Exercise directions:
There is material below. Print exactly the lines starting at the line with "Набір в коляску" and ending at the line with "Landelijke vloerlamp tripod", ends included, and no others.

Supplied data:
#####
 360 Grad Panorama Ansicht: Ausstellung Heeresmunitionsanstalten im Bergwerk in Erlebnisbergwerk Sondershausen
#####
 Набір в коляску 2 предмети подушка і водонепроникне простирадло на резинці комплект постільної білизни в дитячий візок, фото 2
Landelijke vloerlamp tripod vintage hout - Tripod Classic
#####
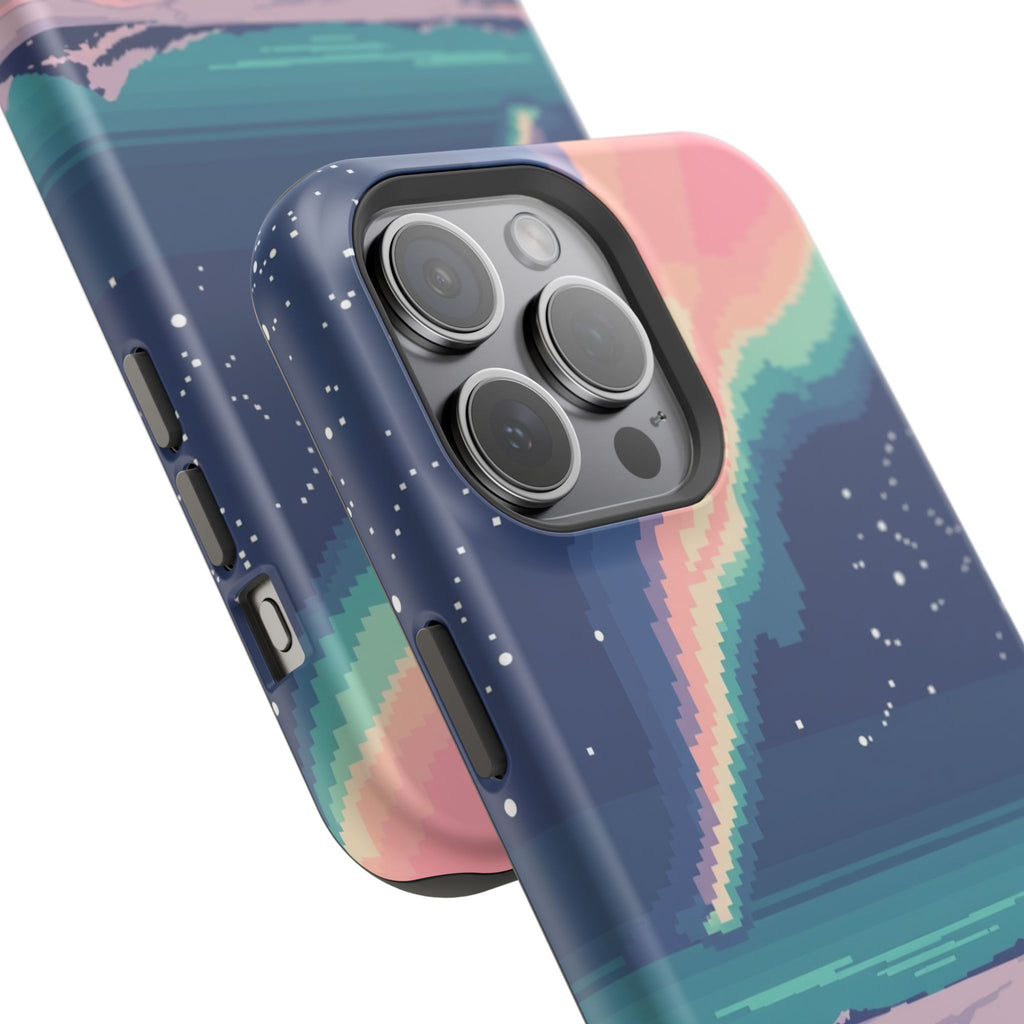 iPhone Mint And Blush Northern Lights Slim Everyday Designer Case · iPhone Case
#####
Answer to this problem:
 Набір в коляску 2 предмети подушка і водонепроникне простирадло на резинці комплект постільної білизни в дитячий візок, фото 2
Landelijke vloerlamp tripod vintage hout - Tripod Classic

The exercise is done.